The Case for a Blockbuster

by Sully on July 26, 2013

in Red Sox

Sometimes the market won’t allow it. A team can dangle the best possible package of assets for a pitcher, an outfielder, a shut-down reliever, and the sellers just aren’t there. It’s important to establish this because I don’t want the Red Sox to make a trade just for the sake of it. To the extent there is a deal to be had, though, I would like to advocate the club makes a major trade at the 2013 trade deadline, one that nets them in the neighborhood of 2-3 wins over the final two months of the season, and one that positions them significantly better for the postseason.

There are a number of reasons why. First and most obviously, Boston finds itself in a great position. It’s July 26th and the Red Sox have the American League’s best record. No matter how healthy you think the future is for this organization, something can always go wrong. There are no guarantees they will find themselves in such a promising position next year or the year after. So, the notion that they shouldn’t “mortgage the future” to make a run in 2013 glosses over the idea that perennial contention is difficult no matter how strong your farm system appears to be.

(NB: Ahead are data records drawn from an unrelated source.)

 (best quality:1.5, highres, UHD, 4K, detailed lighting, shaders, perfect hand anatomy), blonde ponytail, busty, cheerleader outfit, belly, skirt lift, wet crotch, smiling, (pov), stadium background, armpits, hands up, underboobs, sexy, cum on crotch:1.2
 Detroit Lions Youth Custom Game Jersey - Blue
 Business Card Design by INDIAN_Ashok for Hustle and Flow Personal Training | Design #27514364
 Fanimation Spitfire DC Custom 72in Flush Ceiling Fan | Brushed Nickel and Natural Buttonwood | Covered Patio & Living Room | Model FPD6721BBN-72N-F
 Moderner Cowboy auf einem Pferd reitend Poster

Happily, they don’t need to “mortgage the future” at all in order to net some really promising short-term help. Jose Iglesias, Will Middlebrooks, Xander Bogaerts, Deven Marrero and Garin Cecchini all project to be Major League regulars at SS or 3B. Even if Cecchini moves to the outfield ultimately, that’s four players for two slots. In the outfield, where the system is most thin, Jackie Bradley, Jr. should have a long career as a well above average center fielder, and Bryce Brentz has a shot at being a solid regular too. At catcher, Blake Swihart is popping up on top prospect lists and Christian Vazquez is known to professional scouts already as a “shutdown defender” behind the plate. Mookie Betts has had a breakout season, too.

As for pitchers, the Red Sox have six (maybe seven if you want to include Drake Britton) who figure to make good money in Major League Baseball. Henry Owens may be the most promising but he is also farthest away. Brandon Workman is already taking a big club rotation turn. Allen Webster and Rubby De La Rosa continue to develop in Pawtucket while Anthony Ranaudo has reestablished himself as a future number 3 this season in Portland. Matt Barnes, the team’s 2011 first rounder, is sporting off the charts peripherals. And remember, the Red Sox took Trey Ball, a tall lefthanded pitcher with the seventh overall pick in the 2013 amateur draft.

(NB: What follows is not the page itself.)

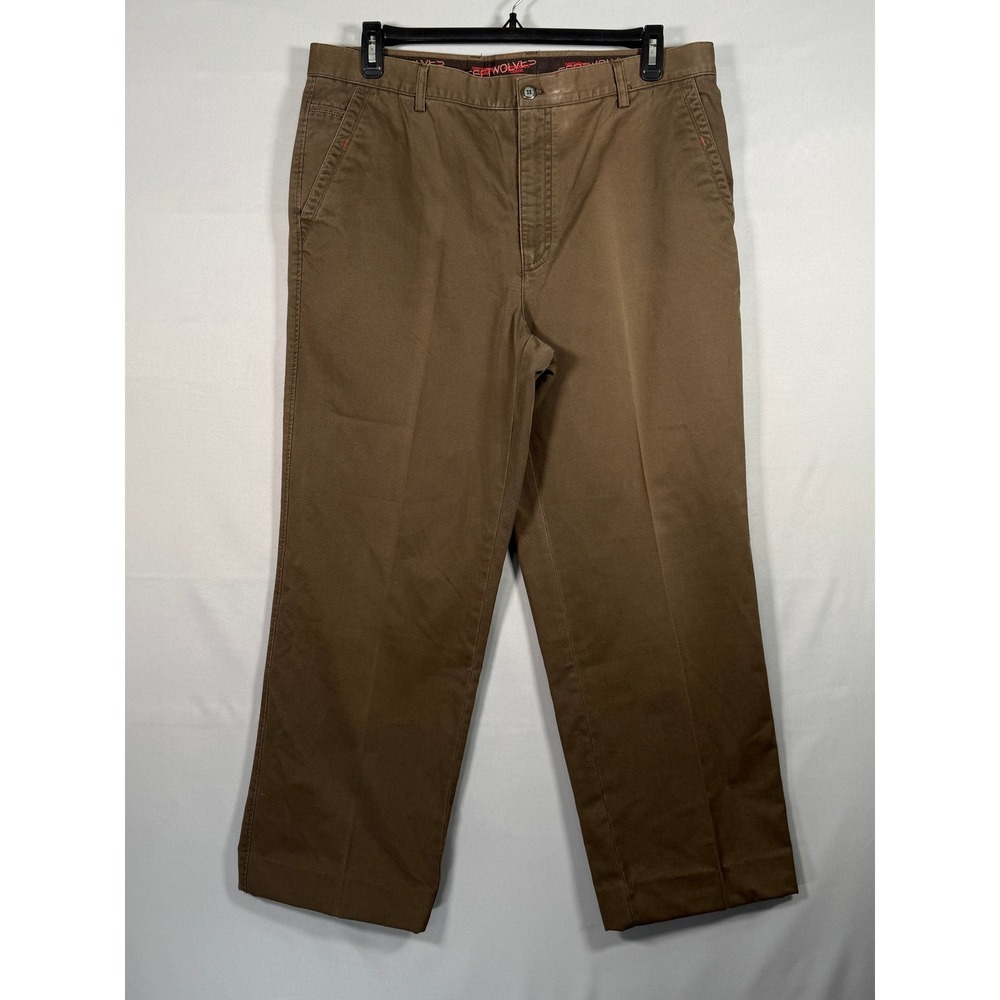 Septwolves Mens Brown Cotton Twill Straight Leg Casual Dress Pants‎ Size 38x28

Even after factoring for expected attrition, the Red Sox have far more players in their Minor League system, players that project as Major League regulars, than could ever play for their big club. That is to say there is a subset of these prospects that has much more value on the trade market than they do in Boston’s farm system. And there’s no telling what sort of value they will have come next season. The Kansas City Royals had one of the most acclaimed farm systems ever a few years back, and what do they have to show for it? James Shields and too many Rany rants to count.

As good a position as the Red Sox find themselves in here on July 26th, if the goal is a World Series, it appears they may need reinforcements. Detroit will be a tough out in the playoffs, and the Cardinals and Braves both look phenomenal. And of course the biggest threat to the Red Sox comes in the form of the hard-charging Rays. Criticize the play-in game all you want but one fun byproduct of it is that it has reinstated prestige and significance to a division title. The Red Sox don’t want any part of a play-in game.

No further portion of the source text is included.